Would you please give the entries again word for word, with no images in your copy?

━━ Available records ━━

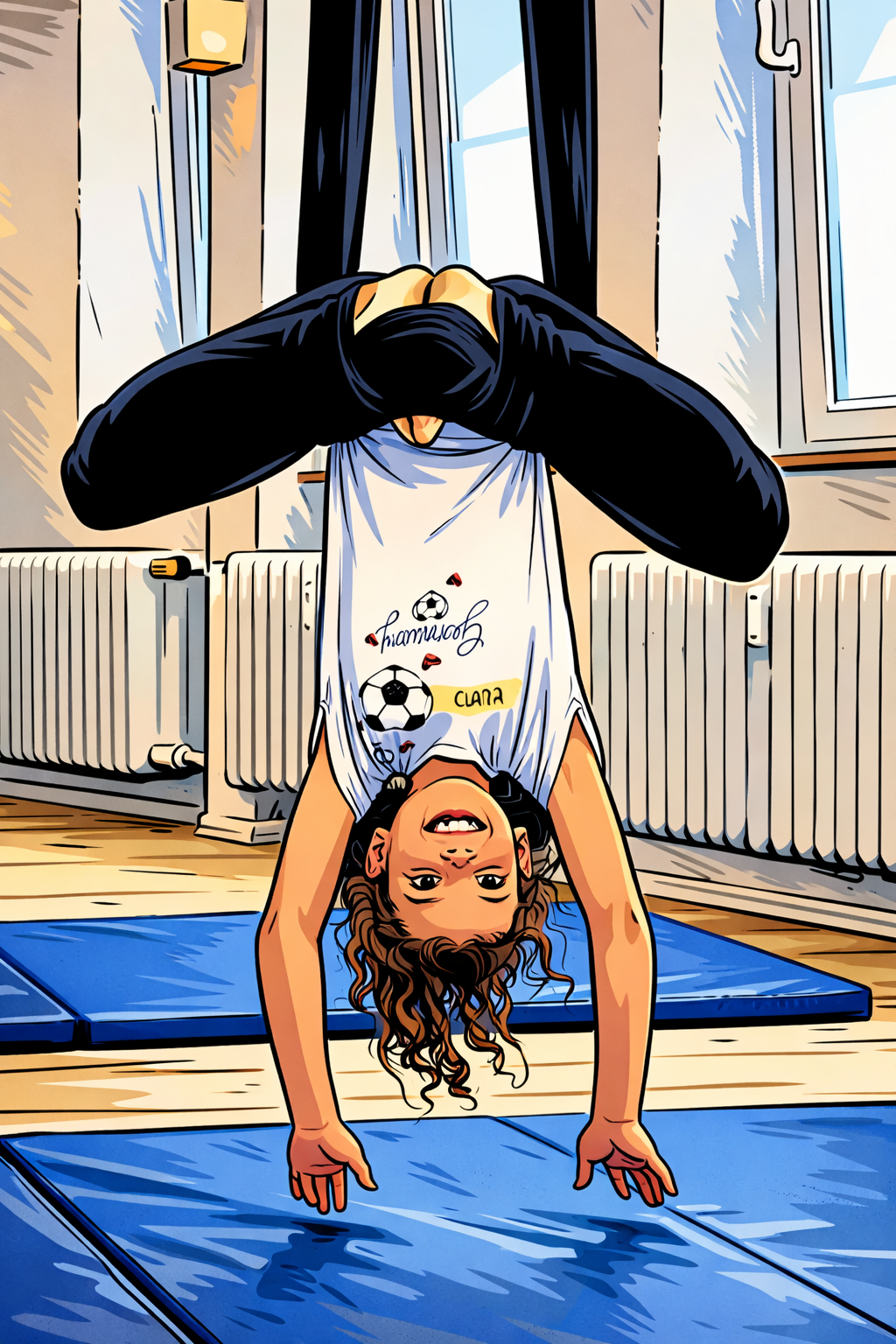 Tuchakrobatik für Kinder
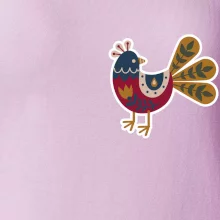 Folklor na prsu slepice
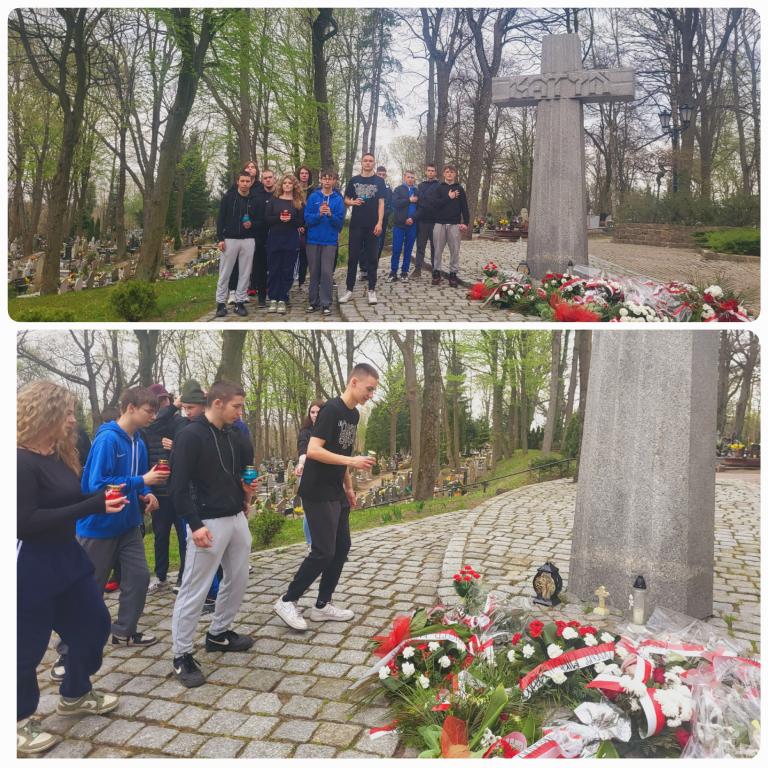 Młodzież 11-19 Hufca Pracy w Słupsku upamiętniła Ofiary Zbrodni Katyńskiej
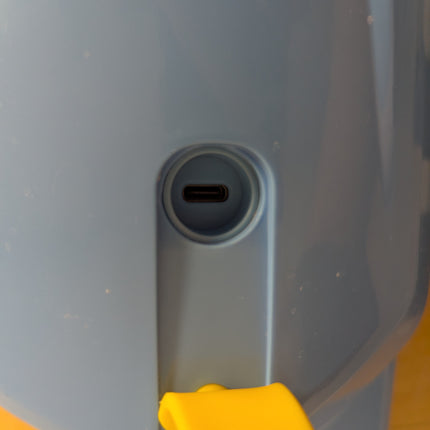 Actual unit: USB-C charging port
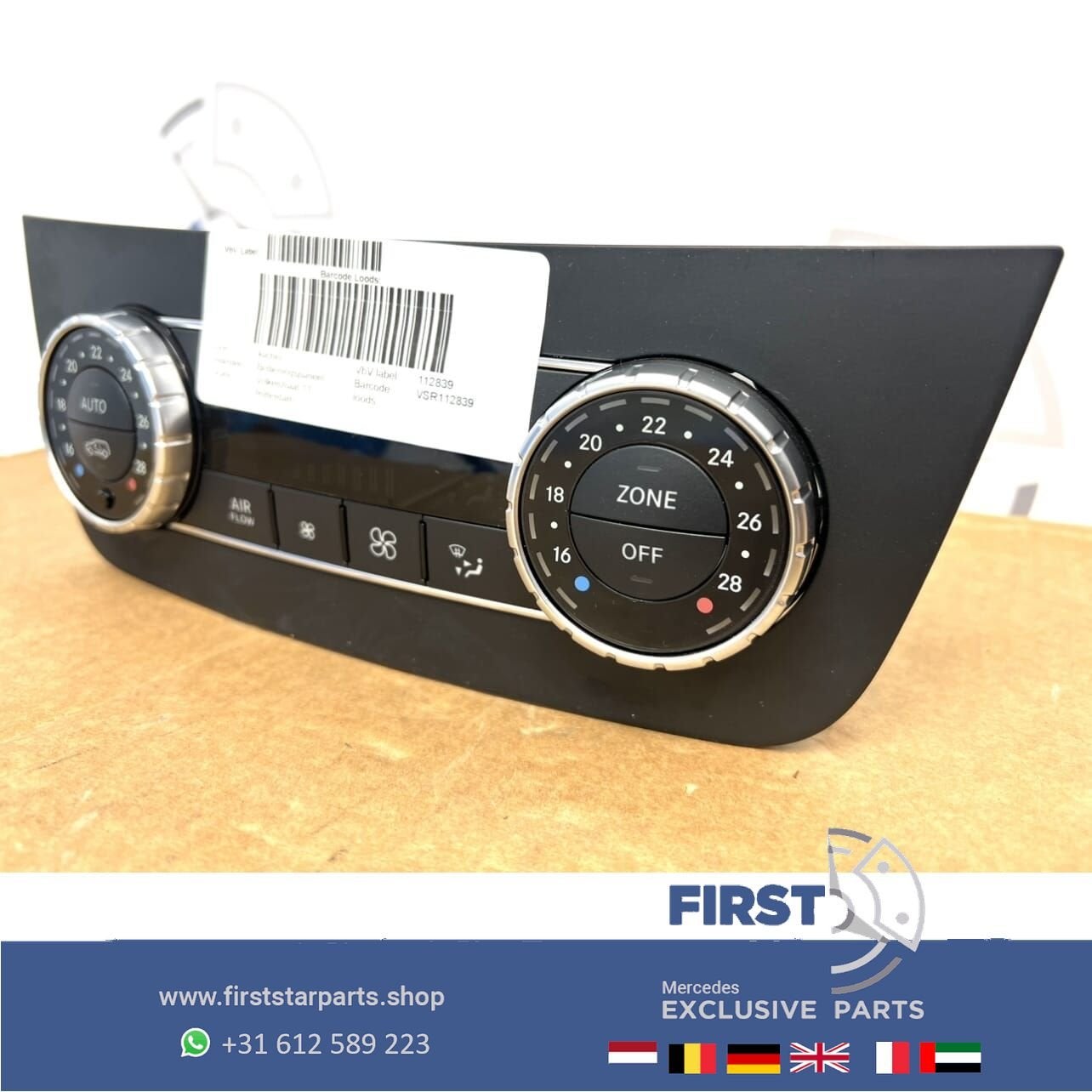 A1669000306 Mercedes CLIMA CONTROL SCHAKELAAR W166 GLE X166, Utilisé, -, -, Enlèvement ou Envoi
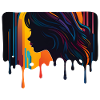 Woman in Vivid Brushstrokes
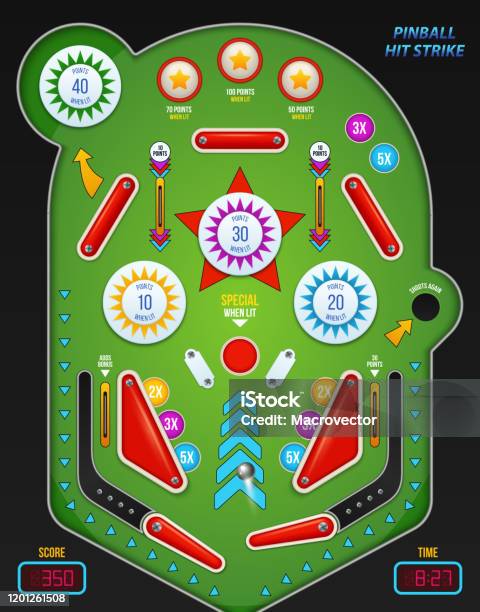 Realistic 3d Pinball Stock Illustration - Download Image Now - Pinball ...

━━━

Problem solution
 Tuchakrobatik für Kinder
 Folklor na prsu slepice
 Młodzież 11-19 Hufca Pracy w Słupsku upamiętniła Ofiary Zbrodni Katyńskiej
 Actual unit: USB-C charging port
 A1669000306 Mercedes CLIMA CONTROL SCHAKELAAR W166 GLE X166, Utilisé, -, -, Enlèvement ou Envoi
 Woman in Vivid Brushstrokes
 Realistic 3d Pinball Stock Illustration - Download Image Now - Pinball ...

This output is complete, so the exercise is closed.